§ **Your task**: Pictures are to be left out; otherwise, copy exactly the lines from the line containing "Fender Guard Steel" through the end of the data.

§ **Supplied data**:
== Segment start ==

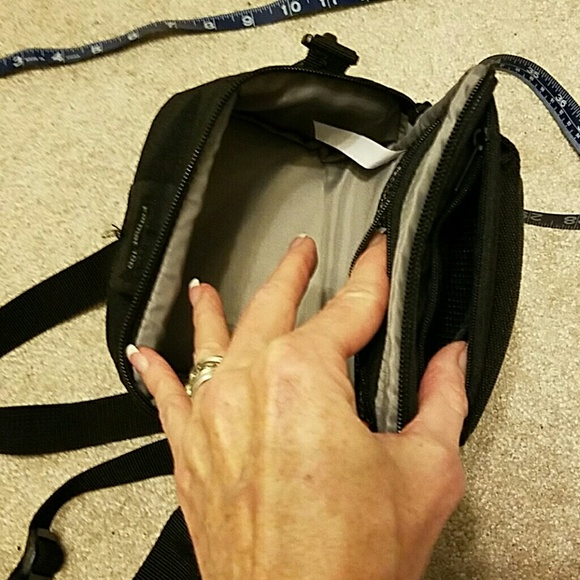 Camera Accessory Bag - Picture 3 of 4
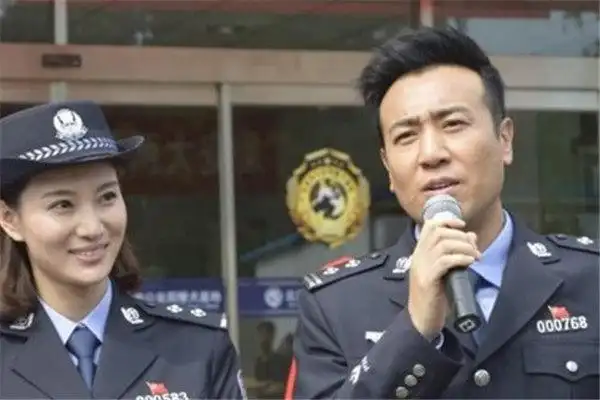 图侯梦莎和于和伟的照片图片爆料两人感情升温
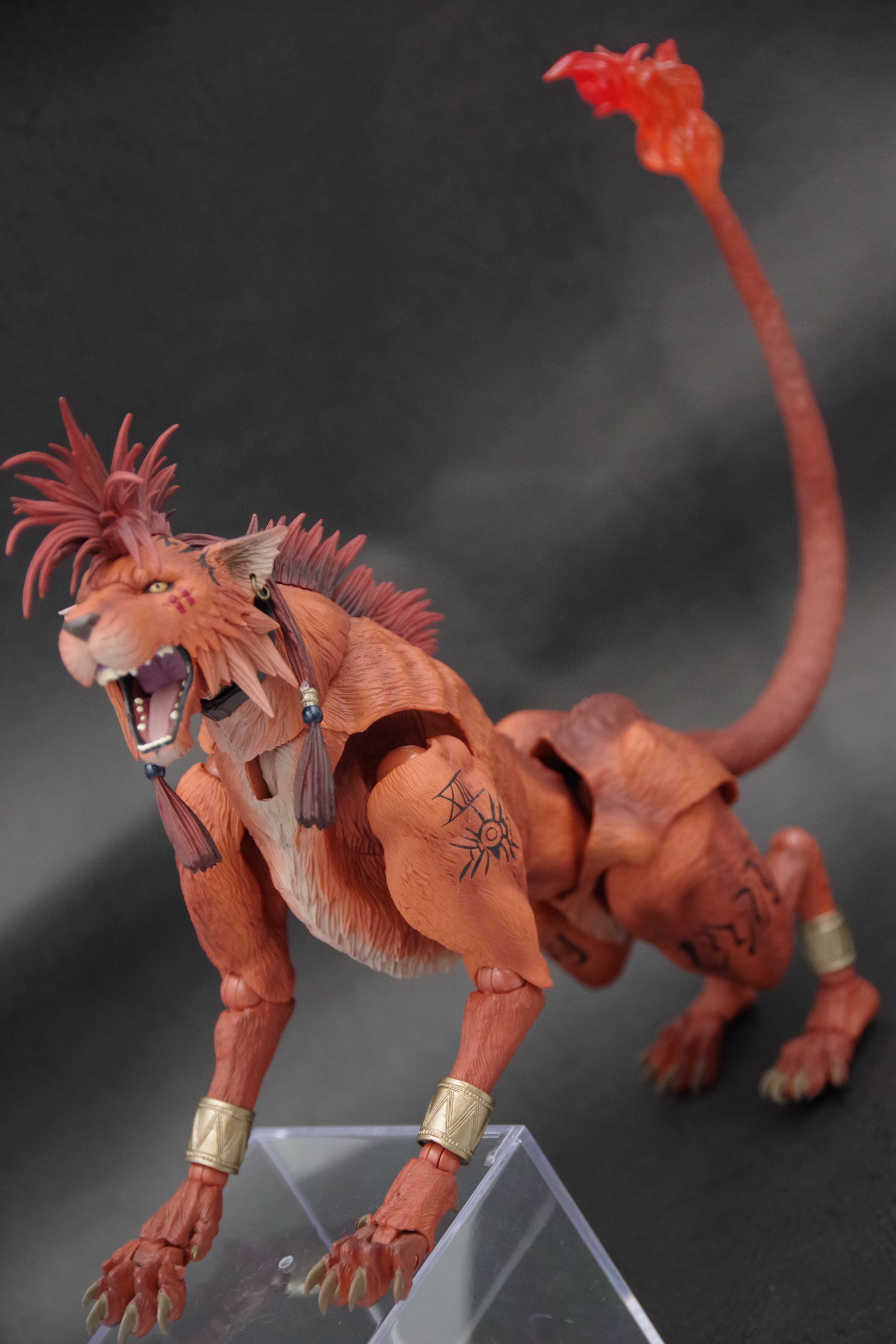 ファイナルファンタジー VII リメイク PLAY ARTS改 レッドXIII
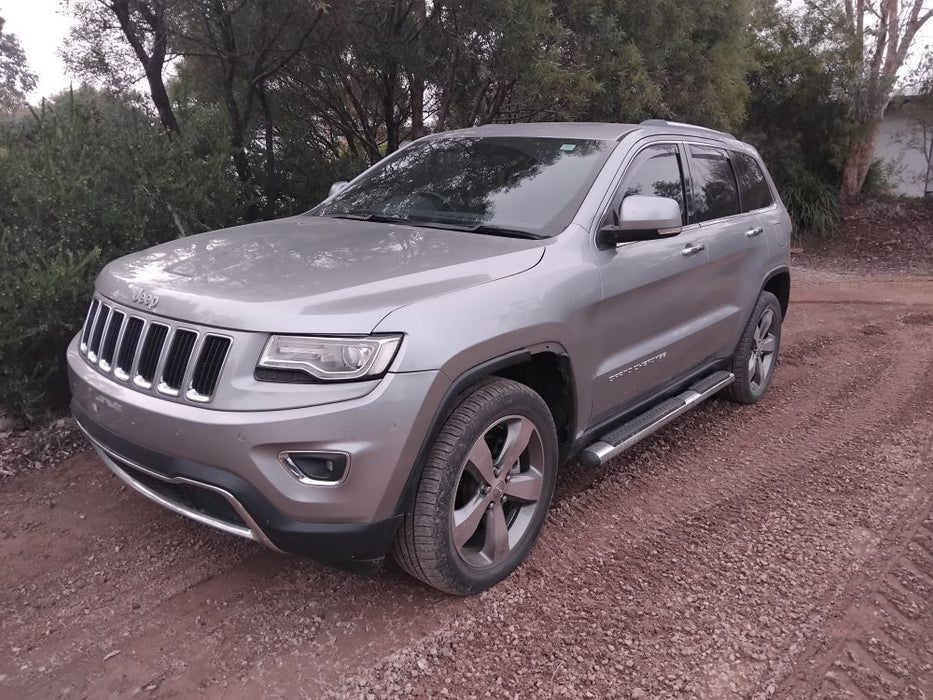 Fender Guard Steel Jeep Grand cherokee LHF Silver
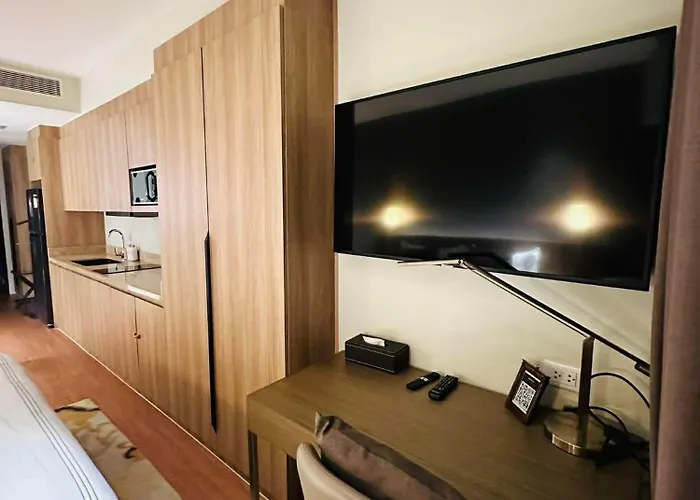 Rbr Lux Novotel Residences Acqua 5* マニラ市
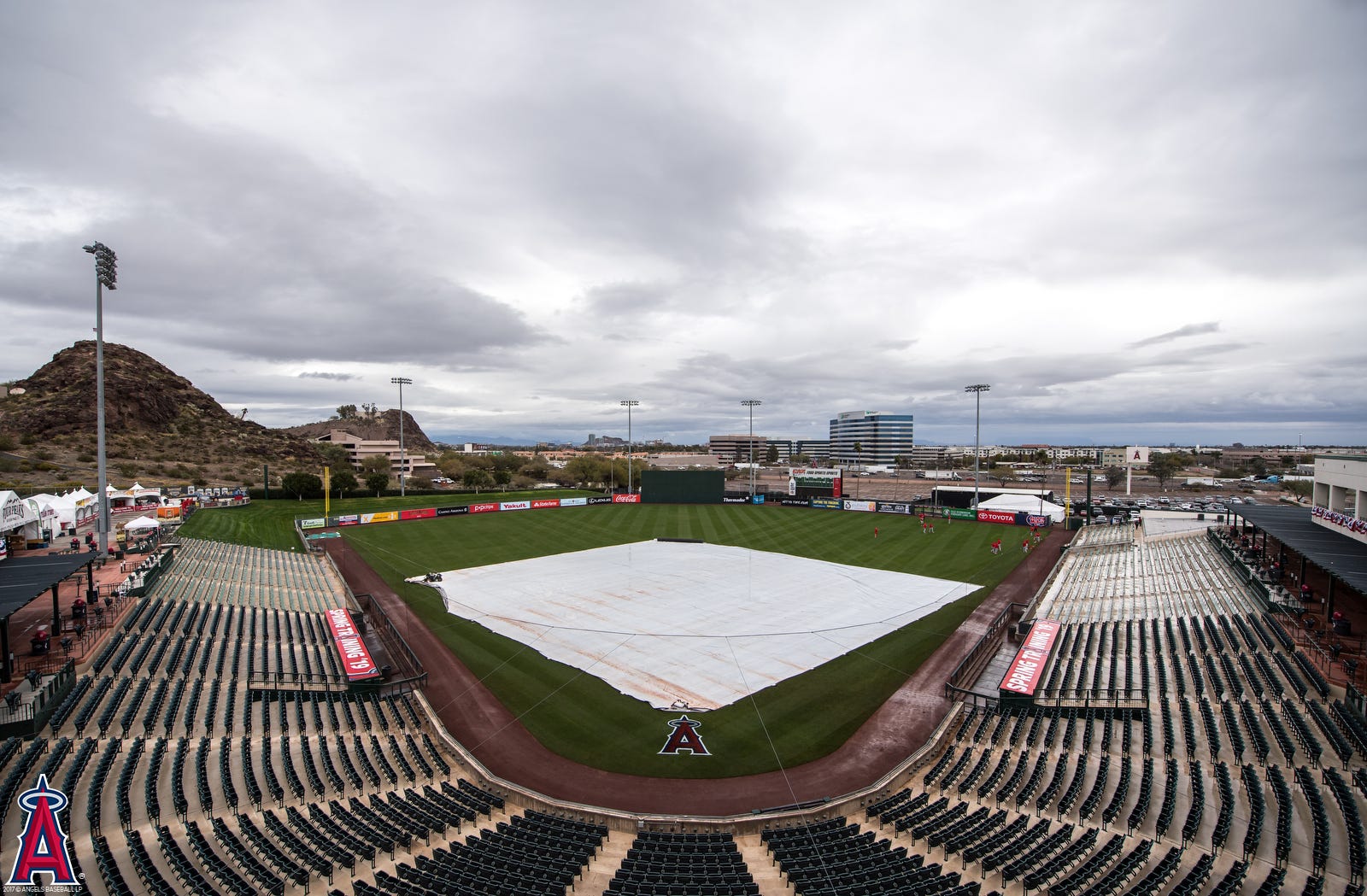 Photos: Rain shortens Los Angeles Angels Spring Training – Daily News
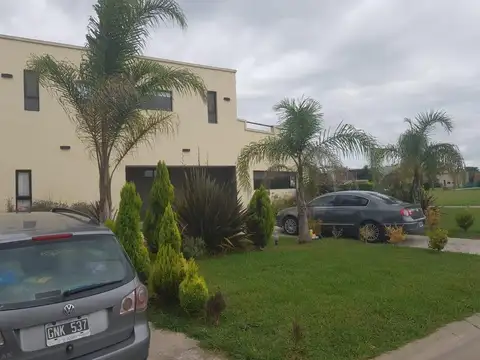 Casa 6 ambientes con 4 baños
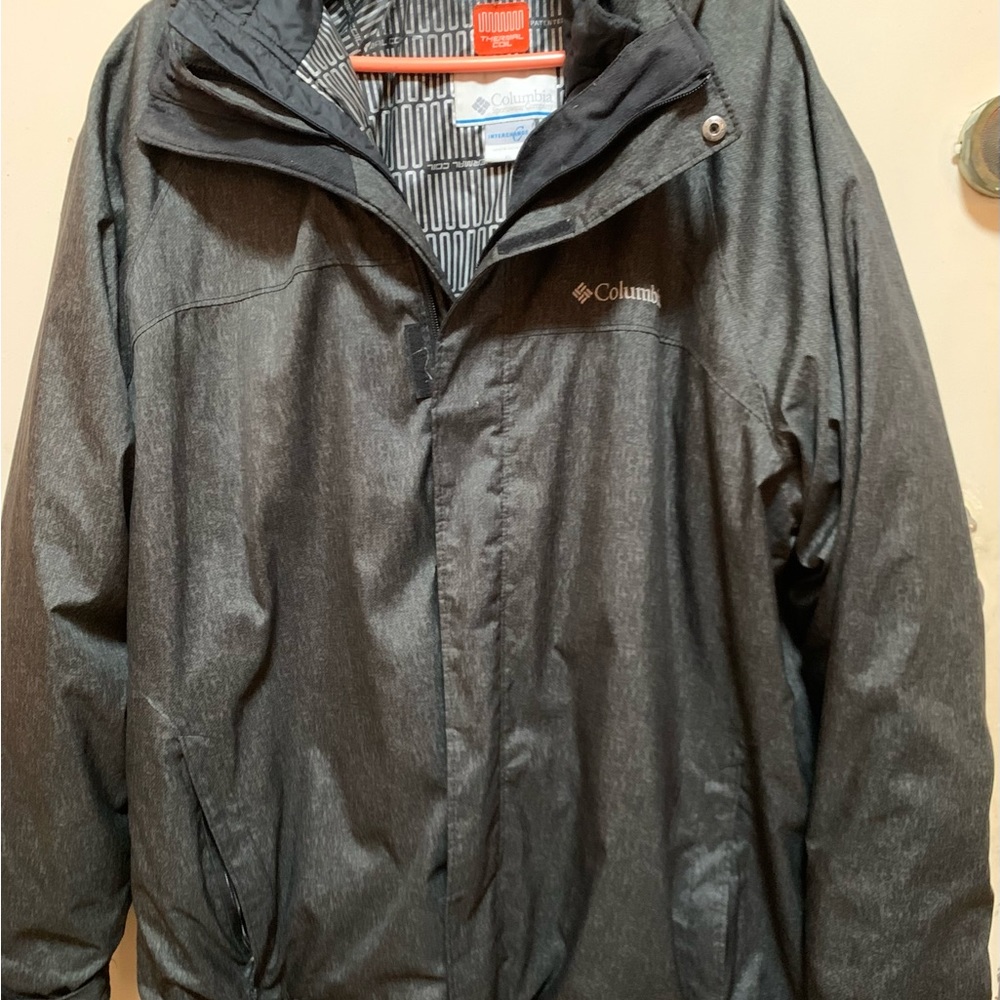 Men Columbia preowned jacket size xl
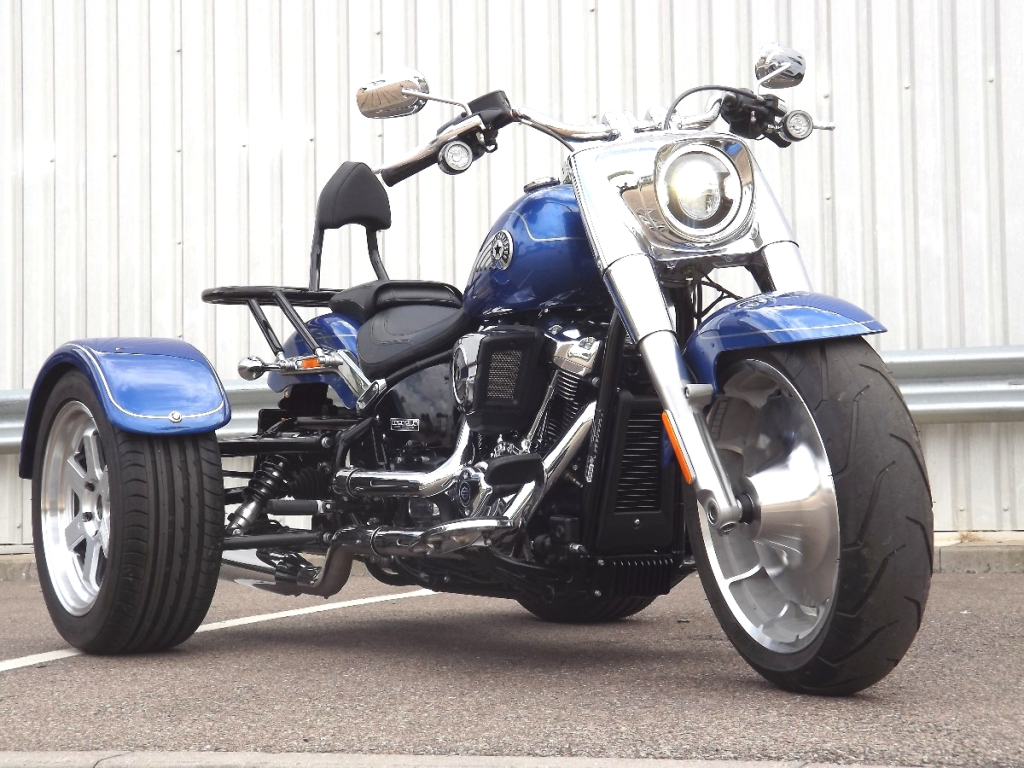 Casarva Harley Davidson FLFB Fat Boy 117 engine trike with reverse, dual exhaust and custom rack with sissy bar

== Segment end ==

§ **Output for this task**:
 Fender Guard Steel Jeep Grand cherokee LHF Silver
 Rbr Lux Novotel Residences Acqua 5* マニラ市
 Photos: Rain shortens Los Angeles Angels Spring Training – Daily News
 Casa 6 ambientes con 4 baños
 Men Columbia preowned jacket size xl
 Casarva Harley Davidson FLFB Fat Boy 117 engine trike with reverse, dual exhaust and custom rack with sissy bar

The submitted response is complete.